Dammit Randy.......................Getcha a Scout, Scout II (long WB version is called a Traveler), or a Travelall! I know you said "no SUV's"......................but those are more truck than SUV. Lotsa room. V8's, tough as hell. You *had* to know I'd post in this thread eventualy....and that I'd tell you to get a Binder. Just think............nobody will yell at you for wearing muddy corks in a Binder...


One of the coolest cars I ever owned (and wish I still had) was a 9 passenger '64 Ford Galaxie 500 station wagon. 300hp Thunderbird 390 V8. FMX auto. Tons of chrome. Factory dual exhaust. Fold the third row bench seat for a flat, steel-backed cargo area that you could play basketball in...


----------



## outdoorlivin247

I'd suggest an Olds Vista wagon...


----------



## Burvol

Nice ride Randy. And that Olds Vista wagon is sweet


----------



## banshee67

does this count


----------



## outdoorlivin247

My uncle has one of these in his garage...


----------



## WesternSaw

*outdoorlivin247*

That Old's is beauty!! I'm partial to GM products,but like different models of all auto manufacturing sector.The Dodge wagon is very stylish.International Scouts were great too.
Lawrence


----------



## RandyMac

I think Banshee is thinkin' like his avatar.

Pete,
I got the '65 Ranchero from my SIL for my 55th birthday, I flew up to Seattle and drove it home, 518 miles. It has a 200cid in-line six with auto trans, it does ok. Average MPG is 23.9, and it pulls 7% grades nicely, not a fireball on the flats, it seems to be happy around 60, I drive like a farmer so it's good.

'Centric,
Been there, done that Scout thing. That old one is still sitting in the same spot, still covered in the shed. That big ass snag is still there too, too bad the son is not around to conduct business. The 'Binder I want is a early '70s, medium cabover, with 5X2 and 392.

Stephen C
Too small, my '85 LTD II wagon is bigger than that. I like to travel in quiet comfort, I haul a trailer, hate lugging or whining to the top of hills. The Olds or that fab Dodge is about right.


----------



## Rookie1

Man Randy Im jealous of you and your rust free climate. That Ranchero would be a big rustbucket if it were in Ohio. Im sure you could squeeze a 302 under the hood if you wanted more power too.


----------



## RandyMac

Well, it came from a rustfree area. I live 6 blocks from an active shore, in winter, sea salt coats everything. I have lots to do in the way of rustproofing, it is already showing signs that action needs to be taken and soon.
A V8 would be nice, I'm a fan of horsepower. The 302 is the same block size as the 289 the Fords had, a swap is fairly easy.


----------



## Ljute

Sweet rides, good times!


----------



## a. palmer jr.

RandyMac said:


> Well, it came from a rustfree area. I live 6 blocks from an active shore, in winter, sea salt coats everything. I have lots to do in the way of rustproofing, it is already showing signs that action needs to be taken and soon.
> A V8 would be nice, I'm a fan of horsepower. The 302 is the same block size as the 289 the Fords had, a swap is fairly easy.

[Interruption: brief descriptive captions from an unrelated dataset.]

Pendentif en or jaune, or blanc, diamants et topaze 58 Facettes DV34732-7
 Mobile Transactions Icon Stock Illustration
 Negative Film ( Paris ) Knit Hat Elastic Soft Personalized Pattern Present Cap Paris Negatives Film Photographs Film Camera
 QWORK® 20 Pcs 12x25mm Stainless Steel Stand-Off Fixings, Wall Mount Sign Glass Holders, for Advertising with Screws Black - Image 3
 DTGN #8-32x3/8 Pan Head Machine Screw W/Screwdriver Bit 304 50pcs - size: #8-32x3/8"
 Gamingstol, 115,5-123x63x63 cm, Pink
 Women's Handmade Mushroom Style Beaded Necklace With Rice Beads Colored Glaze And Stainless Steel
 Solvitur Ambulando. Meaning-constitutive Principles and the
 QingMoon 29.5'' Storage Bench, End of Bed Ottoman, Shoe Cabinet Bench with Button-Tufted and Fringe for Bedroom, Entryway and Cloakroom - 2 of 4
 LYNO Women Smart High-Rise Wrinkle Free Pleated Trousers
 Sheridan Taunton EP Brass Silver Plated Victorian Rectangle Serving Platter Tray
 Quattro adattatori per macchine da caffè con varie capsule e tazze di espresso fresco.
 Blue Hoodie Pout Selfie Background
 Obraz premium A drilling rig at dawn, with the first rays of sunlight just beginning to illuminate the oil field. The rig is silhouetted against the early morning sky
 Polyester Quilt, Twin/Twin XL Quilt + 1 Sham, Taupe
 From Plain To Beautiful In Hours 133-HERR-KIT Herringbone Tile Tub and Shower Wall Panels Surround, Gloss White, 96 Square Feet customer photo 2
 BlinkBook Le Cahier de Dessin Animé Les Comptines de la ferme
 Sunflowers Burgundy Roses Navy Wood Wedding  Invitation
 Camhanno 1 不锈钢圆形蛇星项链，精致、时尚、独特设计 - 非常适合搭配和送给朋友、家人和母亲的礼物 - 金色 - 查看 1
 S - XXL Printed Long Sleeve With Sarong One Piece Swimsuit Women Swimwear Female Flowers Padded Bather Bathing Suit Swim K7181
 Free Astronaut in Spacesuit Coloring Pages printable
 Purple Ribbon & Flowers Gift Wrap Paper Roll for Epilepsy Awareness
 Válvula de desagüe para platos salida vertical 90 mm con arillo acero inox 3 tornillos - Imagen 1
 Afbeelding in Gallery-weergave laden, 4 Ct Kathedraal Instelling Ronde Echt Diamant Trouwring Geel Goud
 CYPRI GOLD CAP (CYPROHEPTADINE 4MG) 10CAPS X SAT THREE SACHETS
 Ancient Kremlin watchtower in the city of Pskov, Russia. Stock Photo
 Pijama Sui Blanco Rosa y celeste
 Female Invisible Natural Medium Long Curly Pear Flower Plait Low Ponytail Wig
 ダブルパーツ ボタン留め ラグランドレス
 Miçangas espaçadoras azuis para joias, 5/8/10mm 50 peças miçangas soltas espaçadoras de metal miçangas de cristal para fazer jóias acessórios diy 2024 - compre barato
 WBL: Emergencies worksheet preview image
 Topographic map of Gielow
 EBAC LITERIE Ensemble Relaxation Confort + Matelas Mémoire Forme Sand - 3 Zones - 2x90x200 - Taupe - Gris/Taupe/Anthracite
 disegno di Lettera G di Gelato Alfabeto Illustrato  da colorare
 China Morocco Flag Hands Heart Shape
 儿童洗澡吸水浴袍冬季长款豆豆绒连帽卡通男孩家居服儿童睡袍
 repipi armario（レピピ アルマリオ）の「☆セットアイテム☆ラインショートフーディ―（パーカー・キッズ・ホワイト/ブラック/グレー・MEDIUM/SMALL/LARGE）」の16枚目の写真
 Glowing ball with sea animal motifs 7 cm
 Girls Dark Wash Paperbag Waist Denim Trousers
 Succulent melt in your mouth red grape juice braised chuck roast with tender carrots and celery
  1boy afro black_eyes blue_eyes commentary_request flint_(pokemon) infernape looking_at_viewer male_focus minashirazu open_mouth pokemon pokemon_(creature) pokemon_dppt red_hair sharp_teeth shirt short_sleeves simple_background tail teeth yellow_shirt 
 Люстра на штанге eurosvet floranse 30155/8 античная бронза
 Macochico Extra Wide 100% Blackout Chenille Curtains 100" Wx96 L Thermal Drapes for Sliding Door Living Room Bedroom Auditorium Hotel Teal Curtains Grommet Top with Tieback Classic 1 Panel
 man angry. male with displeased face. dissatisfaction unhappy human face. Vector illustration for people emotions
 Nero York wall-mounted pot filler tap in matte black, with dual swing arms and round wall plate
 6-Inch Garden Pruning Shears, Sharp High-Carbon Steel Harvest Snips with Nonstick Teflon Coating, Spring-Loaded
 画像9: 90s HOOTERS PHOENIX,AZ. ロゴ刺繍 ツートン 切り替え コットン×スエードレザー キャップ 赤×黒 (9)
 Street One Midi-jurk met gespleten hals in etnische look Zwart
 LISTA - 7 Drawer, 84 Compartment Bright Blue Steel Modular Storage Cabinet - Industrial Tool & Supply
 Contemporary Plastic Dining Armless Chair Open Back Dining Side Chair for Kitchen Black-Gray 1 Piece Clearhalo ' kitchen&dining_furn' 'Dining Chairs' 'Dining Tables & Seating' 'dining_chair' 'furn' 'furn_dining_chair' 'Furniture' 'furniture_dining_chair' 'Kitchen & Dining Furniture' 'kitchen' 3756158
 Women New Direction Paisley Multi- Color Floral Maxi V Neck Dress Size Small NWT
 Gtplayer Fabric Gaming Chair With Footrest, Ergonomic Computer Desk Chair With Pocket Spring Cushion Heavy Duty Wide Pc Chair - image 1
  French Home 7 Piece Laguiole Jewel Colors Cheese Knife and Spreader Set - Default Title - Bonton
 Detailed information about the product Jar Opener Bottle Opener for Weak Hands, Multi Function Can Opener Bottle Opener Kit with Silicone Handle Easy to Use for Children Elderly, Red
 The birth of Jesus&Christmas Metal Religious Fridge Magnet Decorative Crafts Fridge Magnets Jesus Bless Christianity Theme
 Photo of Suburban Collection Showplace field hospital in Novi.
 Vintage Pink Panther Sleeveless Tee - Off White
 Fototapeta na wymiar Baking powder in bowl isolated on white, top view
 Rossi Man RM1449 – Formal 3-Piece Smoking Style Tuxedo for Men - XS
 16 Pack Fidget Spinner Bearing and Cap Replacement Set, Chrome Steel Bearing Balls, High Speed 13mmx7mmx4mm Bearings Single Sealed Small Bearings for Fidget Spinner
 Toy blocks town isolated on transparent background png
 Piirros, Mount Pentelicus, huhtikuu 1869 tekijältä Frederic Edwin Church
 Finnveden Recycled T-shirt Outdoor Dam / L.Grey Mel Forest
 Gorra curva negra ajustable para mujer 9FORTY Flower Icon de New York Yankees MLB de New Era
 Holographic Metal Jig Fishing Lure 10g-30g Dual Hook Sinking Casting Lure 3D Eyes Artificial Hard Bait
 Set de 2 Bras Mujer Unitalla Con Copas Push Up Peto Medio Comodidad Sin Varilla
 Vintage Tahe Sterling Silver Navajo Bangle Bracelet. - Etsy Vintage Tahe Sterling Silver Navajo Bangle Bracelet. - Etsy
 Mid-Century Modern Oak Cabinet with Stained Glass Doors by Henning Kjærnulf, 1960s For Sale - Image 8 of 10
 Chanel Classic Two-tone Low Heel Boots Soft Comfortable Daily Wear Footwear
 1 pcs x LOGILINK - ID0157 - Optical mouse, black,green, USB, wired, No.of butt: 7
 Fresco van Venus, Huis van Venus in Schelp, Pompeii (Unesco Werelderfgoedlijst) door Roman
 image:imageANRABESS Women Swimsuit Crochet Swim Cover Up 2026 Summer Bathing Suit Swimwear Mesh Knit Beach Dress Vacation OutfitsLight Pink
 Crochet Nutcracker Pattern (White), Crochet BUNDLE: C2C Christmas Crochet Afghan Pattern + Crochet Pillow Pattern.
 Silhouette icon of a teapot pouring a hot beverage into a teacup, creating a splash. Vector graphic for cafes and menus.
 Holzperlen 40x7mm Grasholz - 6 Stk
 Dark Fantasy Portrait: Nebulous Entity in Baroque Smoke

With just a few more mods a 351 will fit.


----------



## Eccentric

RandyMac said:


> 'Centric,
> Been there, done that Scout thing. That old one is still sitting in the same spot, still covered in the shed. That big ass snag is still there too, too bad the son is not around to conduct business. The 'Binder I want is a early '70s, medium cabover, with 5X2 and 392.



Too bad that old guy passed on before you could make that deal happen. Gotta be *some way* to rattle that son's cage over the Scout/Redwood snag thing. Some day we should enjoy a few cold PBR's and show up at his doorstep with some old gear drives. Make him a deal he can't refuse!

You'd enjoy the hell out of a V8 Travelall. They're a lot more comfortable than a Scout, especialy the 2WD versions with the independant front ends. From 1969-1975 both independant and I-Beam fronts were available in 1/2ton and 3/4ton 2WD Travelalls and pickups. I hear you on the desire for a C.O.E. International truck ( called a Cargostar after around 1969 or so). They are *super* cool. There's a roofing company in Petaluma that used to have about 1/2 dozen of them (and one or two of the mid-'60s Loadstar C.O.E.'s). All dump trucks. Now they're down to one or two Cargostars. I'm gonna grab one the next time they put one up for sale if at all possible. 

A landscaping supply outfit in Petaluma also has around 1/2 dozen bobtail Cargostar dumps, and they all appear to be powered by turbocharged Perkins diesels. They have a neat sound when they fire them up in the morning. Used to hear them when I was waiting for the bus to SF. 

A couple of years ago, I *just* missed out on a late-'60s Loadstar 1600 (non-cabover) with a 345 or 392 and a direct-fifth 5-speed with a 2-speed rear end. Could have got it for $500.:bang: They come up from time to time. A Cargostar like you described would be tits.



RandyMac said:


> Well, it came from a rustfree area. I live 6 blocks from an active shore, in winter, sea salt coats everything. I have lots to do in the way of rustproofing, it is already showing signs that action needs to be taken and soon.
> A V8 would be nice, I'm a fan of horsepower. The 302 is the same block size as the 289 the Fords had, a swap is fairly easy.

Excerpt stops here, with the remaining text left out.